Abstract

ABSTRACT Attribute-Based Authenticated Key Exchange (ABAKE) protocols allow two or more users to establish a shared key and achieve mutual authentication over an insecure network, while providing fine-grained access control over transmitted data. The existing ABAKE protocols are very inefficient, requiring a large number (polynomial in the size of the access policies) of pairing and exponentiation operations. This presents a major hindrance in the real-world deployment of these protocols. In this work, we present a construction of ABAKE protocol where the number of pairing operations is constant (to be precise only 7) and the number of exponentiation operations is linear to the number of clauses in the disjunctive normal form representing the general access policies.
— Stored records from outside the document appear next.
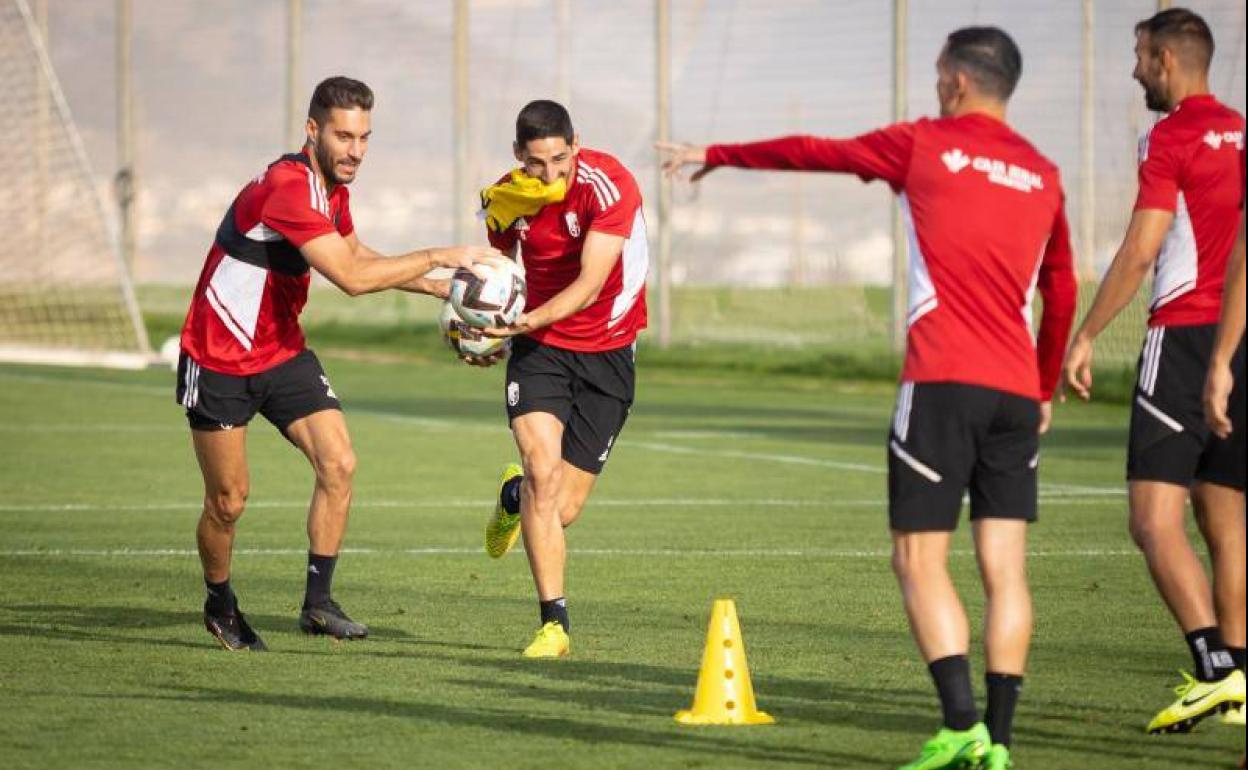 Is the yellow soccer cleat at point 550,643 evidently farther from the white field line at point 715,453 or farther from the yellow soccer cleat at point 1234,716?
the white field line at point 715,453

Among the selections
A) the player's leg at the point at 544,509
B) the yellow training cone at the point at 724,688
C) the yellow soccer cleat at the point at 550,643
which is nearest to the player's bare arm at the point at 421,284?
the player's leg at the point at 544,509

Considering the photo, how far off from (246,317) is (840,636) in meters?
3.03

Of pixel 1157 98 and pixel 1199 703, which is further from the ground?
pixel 1157 98

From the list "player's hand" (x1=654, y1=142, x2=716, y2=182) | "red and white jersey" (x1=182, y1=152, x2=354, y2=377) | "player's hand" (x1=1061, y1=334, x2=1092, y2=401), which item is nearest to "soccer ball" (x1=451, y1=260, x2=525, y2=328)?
"red and white jersey" (x1=182, y1=152, x2=354, y2=377)

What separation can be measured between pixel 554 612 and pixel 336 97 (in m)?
2.44

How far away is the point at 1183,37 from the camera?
7.95m

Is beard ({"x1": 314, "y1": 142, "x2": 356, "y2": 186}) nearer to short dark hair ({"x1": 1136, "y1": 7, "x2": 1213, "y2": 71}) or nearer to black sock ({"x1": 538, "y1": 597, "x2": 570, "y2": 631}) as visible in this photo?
black sock ({"x1": 538, "y1": 597, "x2": 570, "y2": 631})

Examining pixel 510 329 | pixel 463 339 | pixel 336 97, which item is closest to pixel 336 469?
pixel 463 339

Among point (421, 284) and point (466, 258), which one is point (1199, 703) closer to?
point (466, 258)

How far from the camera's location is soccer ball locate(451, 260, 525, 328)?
31.0 ft

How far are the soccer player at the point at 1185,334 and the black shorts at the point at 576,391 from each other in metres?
2.69

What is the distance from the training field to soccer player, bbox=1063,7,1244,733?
1.65 feet

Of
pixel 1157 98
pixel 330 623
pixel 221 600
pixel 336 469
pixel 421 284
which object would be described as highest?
pixel 1157 98

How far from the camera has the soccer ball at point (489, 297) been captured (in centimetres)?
944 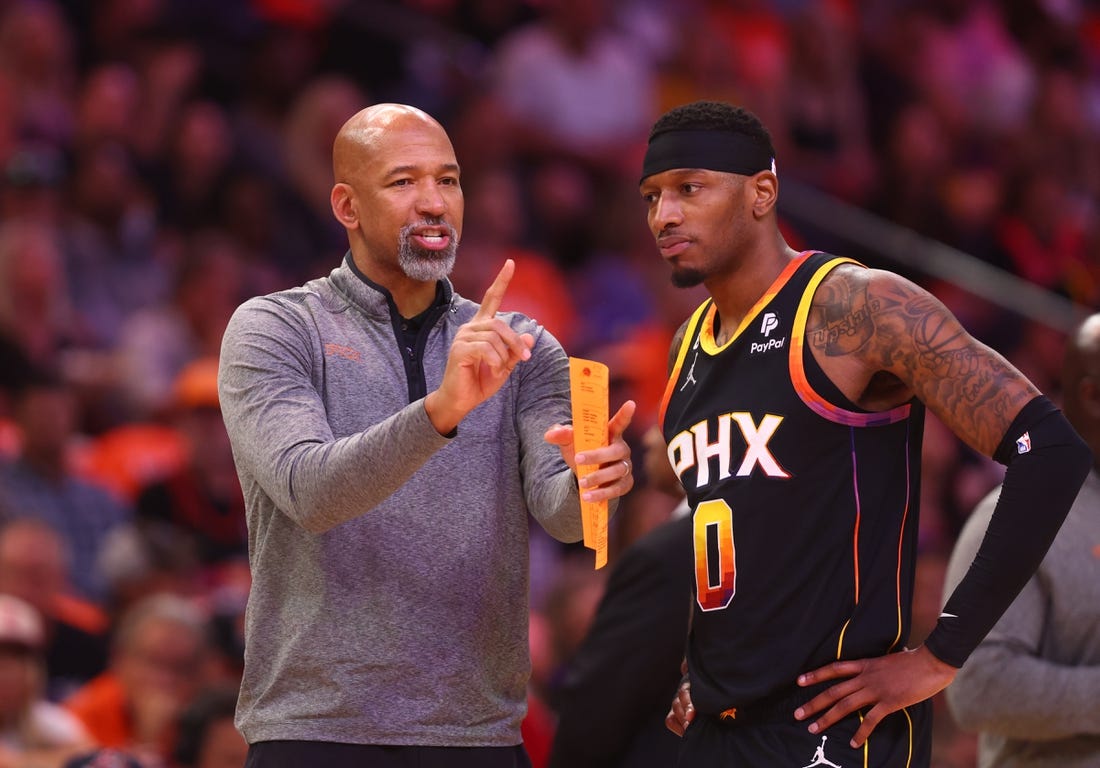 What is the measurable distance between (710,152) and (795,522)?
0.92m

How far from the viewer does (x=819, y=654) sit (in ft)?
12.4

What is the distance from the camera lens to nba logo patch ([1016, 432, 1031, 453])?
3699 mm

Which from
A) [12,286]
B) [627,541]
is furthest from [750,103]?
[627,541]

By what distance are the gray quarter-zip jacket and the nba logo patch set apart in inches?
40.3

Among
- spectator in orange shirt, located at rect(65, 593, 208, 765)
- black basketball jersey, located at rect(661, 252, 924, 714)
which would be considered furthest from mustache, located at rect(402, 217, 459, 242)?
spectator in orange shirt, located at rect(65, 593, 208, 765)

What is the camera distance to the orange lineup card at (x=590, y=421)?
150 inches

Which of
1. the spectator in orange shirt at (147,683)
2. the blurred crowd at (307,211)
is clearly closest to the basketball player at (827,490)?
the blurred crowd at (307,211)

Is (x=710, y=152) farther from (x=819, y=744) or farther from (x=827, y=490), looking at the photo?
(x=819, y=744)

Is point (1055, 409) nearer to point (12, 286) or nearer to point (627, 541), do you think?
point (627, 541)

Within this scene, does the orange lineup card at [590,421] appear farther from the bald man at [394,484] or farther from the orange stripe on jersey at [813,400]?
the orange stripe on jersey at [813,400]

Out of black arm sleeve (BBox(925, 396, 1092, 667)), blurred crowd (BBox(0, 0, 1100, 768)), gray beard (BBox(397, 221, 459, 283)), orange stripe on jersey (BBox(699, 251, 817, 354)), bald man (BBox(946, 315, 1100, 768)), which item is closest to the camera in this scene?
black arm sleeve (BBox(925, 396, 1092, 667))

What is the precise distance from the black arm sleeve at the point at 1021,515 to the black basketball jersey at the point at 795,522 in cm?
17

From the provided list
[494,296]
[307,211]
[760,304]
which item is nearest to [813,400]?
[760,304]

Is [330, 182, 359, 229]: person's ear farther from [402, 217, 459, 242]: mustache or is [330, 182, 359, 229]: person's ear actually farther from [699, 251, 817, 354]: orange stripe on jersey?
[699, 251, 817, 354]: orange stripe on jersey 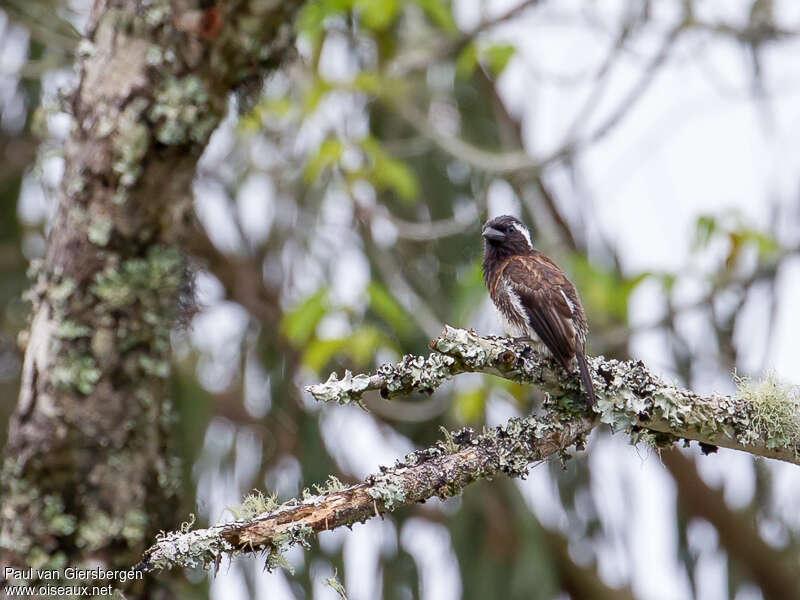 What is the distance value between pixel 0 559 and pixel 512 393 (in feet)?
8.18

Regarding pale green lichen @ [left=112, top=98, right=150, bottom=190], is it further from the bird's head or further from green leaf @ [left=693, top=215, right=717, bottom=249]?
green leaf @ [left=693, top=215, right=717, bottom=249]

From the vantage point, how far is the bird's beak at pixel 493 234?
4527 millimetres

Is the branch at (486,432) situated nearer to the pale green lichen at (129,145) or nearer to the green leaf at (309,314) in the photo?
the pale green lichen at (129,145)

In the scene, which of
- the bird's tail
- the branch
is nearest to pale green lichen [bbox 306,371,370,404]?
the branch

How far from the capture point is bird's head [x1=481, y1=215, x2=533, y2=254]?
454 cm

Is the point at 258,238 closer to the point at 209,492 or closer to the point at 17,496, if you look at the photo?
the point at 209,492

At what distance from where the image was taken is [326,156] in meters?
5.31

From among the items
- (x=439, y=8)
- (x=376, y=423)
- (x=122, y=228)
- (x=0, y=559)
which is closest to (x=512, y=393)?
(x=376, y=423)

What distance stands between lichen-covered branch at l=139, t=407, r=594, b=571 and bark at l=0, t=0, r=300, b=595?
4.68ft

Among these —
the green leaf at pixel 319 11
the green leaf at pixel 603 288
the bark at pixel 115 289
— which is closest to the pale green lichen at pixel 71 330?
the bark at pixel 115 289

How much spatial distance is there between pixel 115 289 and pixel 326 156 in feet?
6.20

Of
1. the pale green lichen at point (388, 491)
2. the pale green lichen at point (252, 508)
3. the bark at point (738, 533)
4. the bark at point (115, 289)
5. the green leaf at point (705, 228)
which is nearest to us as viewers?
the pale green lichen at point (388, 491)

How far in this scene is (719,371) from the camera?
19.9 feet

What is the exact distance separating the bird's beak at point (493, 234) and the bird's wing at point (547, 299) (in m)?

To this end, we construct an Attribute-Based Signcryption (ABSC) scheme with constant number of pairings, and use it as the main building block in our ABAKE construction. This also gives the first construction of ABSC schemes with constant number of pairings for general purpose access policies in the standard model. Another important and desirable feature of our ABAKE construction is that it is round-optimal, i.e. it is a single round protocol. We analyse the security of our ABAKE construction in the Attribute-Based extended Canetti-Krawzyck (ABeCK) model, and prove its security assuming the hardness of a variant of the Bilinear Diffie-Hellman Exponent problem in the random oracle model.